Mason wird erwachsen
Doch der Vater lässt sie nicht im Stich. Er liebt seine Kinder, mittlerweile Teenager. Ihm öffnet sich sein Sohn und bringt all seine Gedanken zu Vorschein. Olivia beendet derweil ihr Studium und wieder erfolgt ein Zeitsprung. Für ihren neuen Job ziehen sie erneut um, und wieder steht ein Schulwechsel an. Mason wird zunächst gemobbt, doch schafft es durch seine Einzelgängerische, wunderbare Art, jeglichen Widerstand gegen ihn zu zerbrechen. Olivia verliebt sich wieder, und wieder in den Falschen. In einen Exsoldaten, der sich wiederum als Trinker offenbart und keinen guten Draht zu Mason hat, diesen ungewöhnlichen, stillen jungen Menschen. Dieser steht nun kurz vor dem Sprung ins Collage und begegnet seiner ersten großen Liebe Sheena. Seine Schweigsamkeit löst sich in ihrer Nähe und sein Charakter bildet sich immer mehr heraus. Man kann wahrlich miterleben, wie aus dem stillen Wasser ein lebensbejahender, kreativer Mensch wird. Er entwickelt eine Liebe zur Fotografie und geht so darin auf, dass er einen Landeswettbewerb gewinnt.

Was bleibt jetzt noch?
Olivia, wieder getrennt, entfliehen ihre Kinder, nun junge Erwachsene geworden, aus dem Haus, um ihr eigenes Leben zu beginnen.
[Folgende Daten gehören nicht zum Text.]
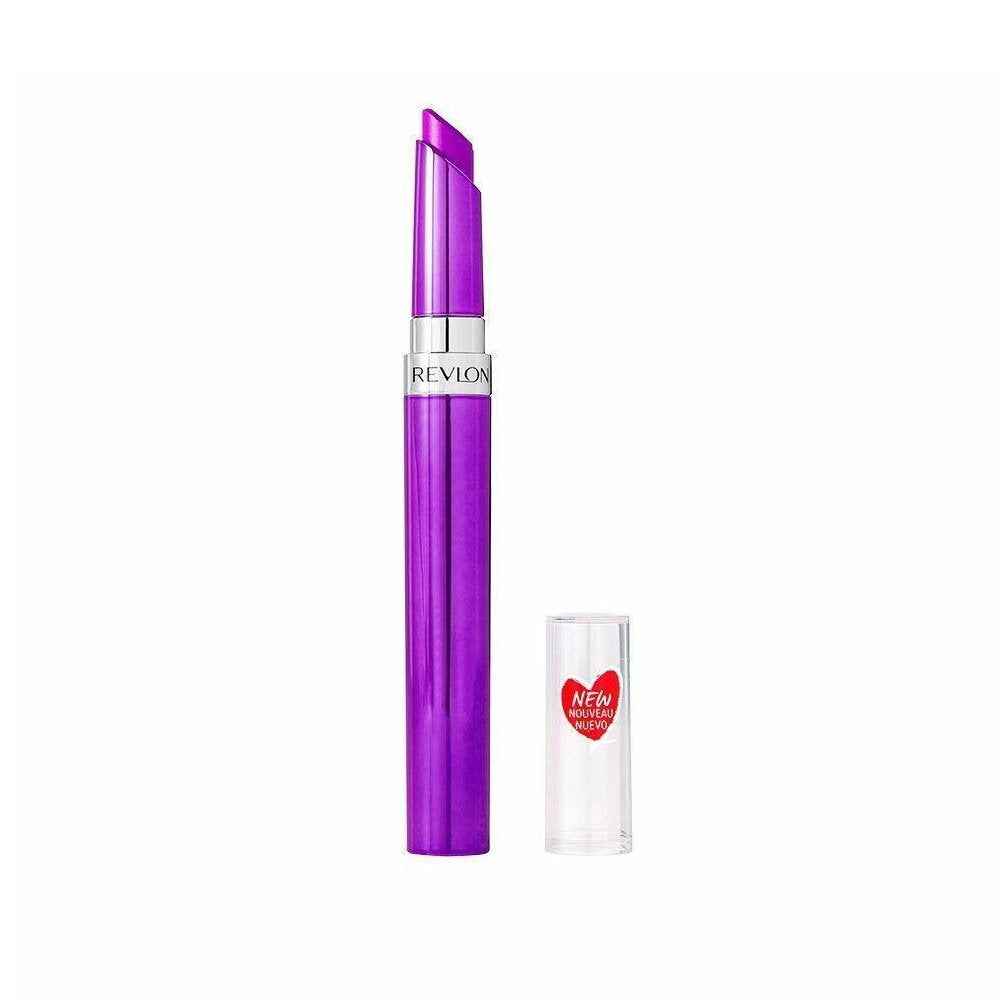 Revlon Ultra Hd Gel – Cream Lipstick for Women, 770, Twilight, 1.7 g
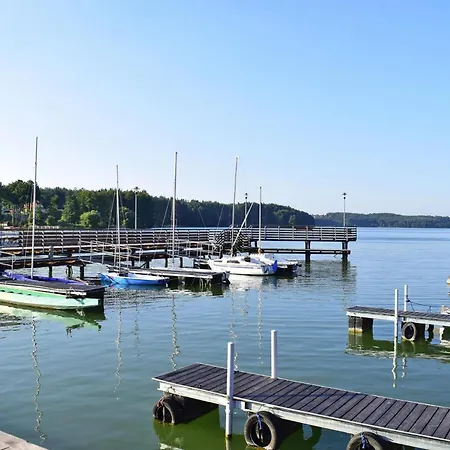 Near Dabrowskie Ferienhaus Golubie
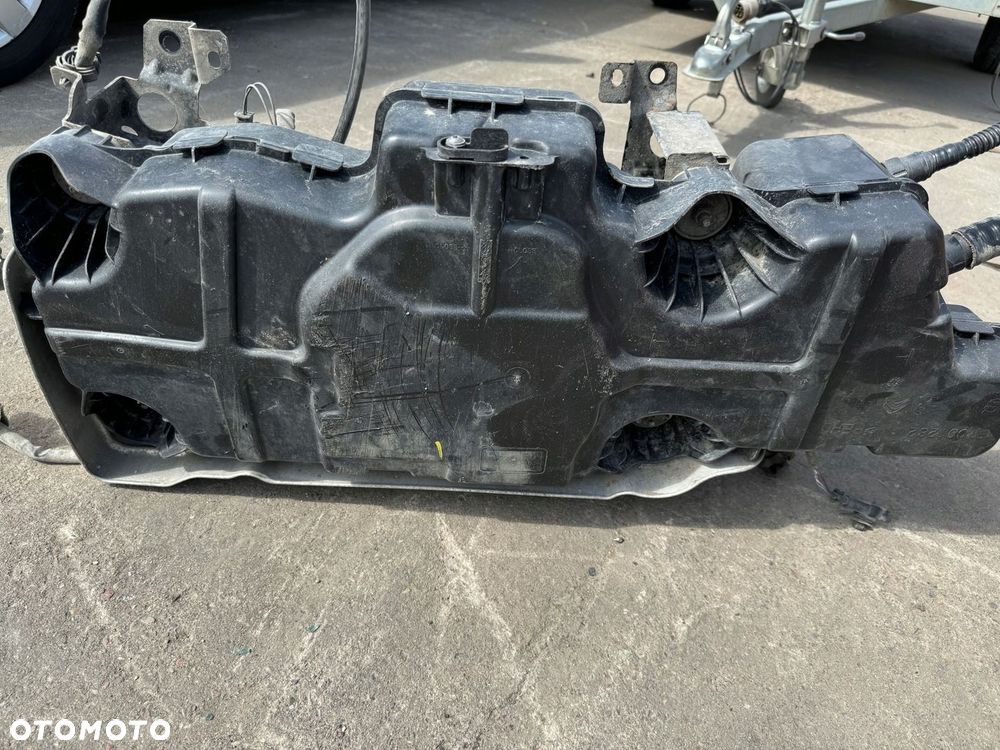Jumper Boxer 2,0 E6 16-22 zbiornik ADBLUE 12678023 - 3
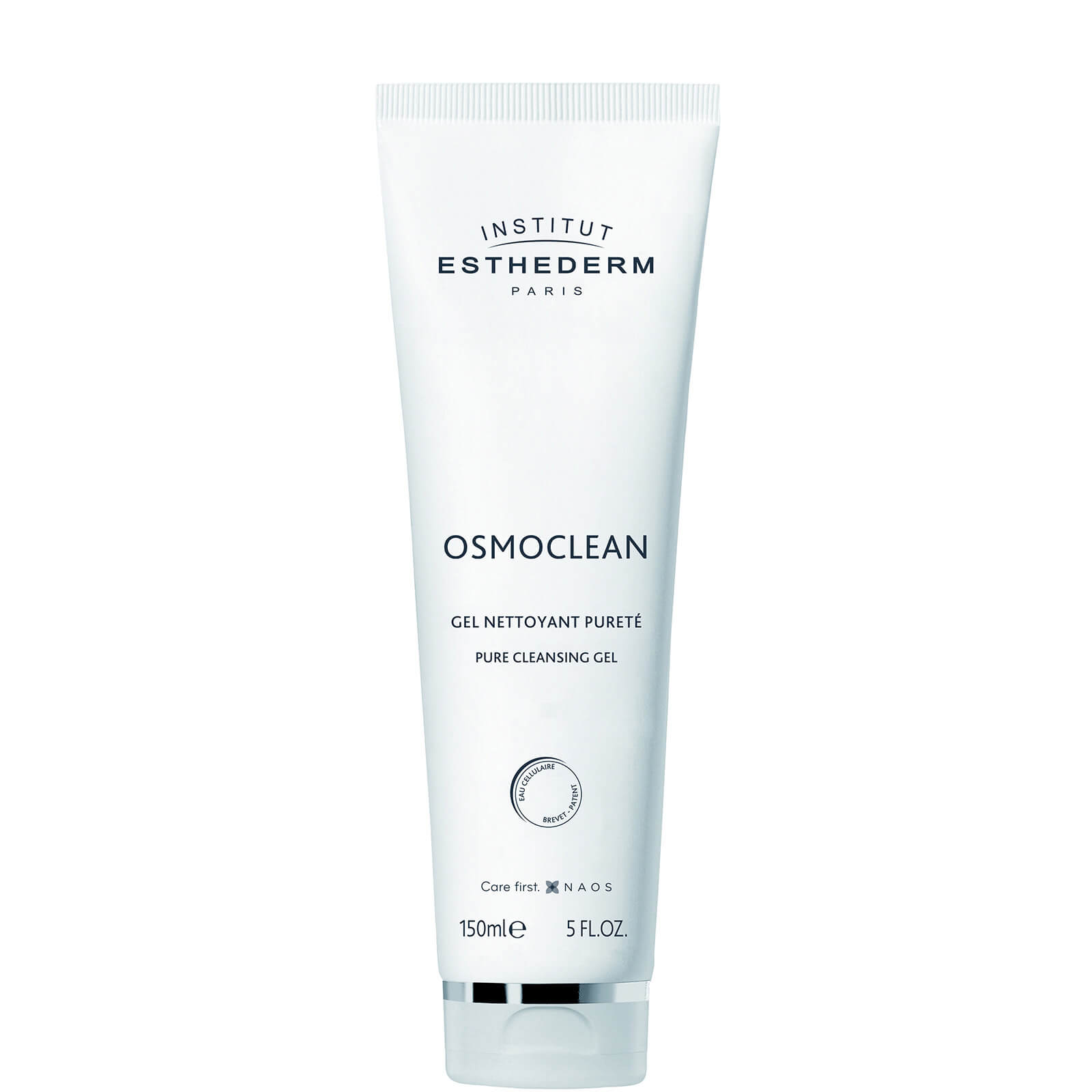 lookfantastic Institut Esthederm Osmoclean Face Reinigungsgel 150 ml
Eine tolle Szene ist das, als die Mutter zu Mason sagt, mit Tränen in den Augen. Habe sie nicht alles getan, alles erreicht, in dem sie ihre Kinder großgezogen hat. Nun fliegen diese davon, und was bleibe ihr nun noch, außer der eigenen Beerdigung. Mason entgegnet ihr lächelnd, ob sie nicht 40 Jahre überspringe. An der Uni offenbart sich Mason ein neues Leben, die Fotografie, und ein neues Leben. Boyhood ist ein wunderbarer Film, der uns alle noch einmal erfahren lässt, wie es ist, Kind zu sein. Absolut empfehlenswert.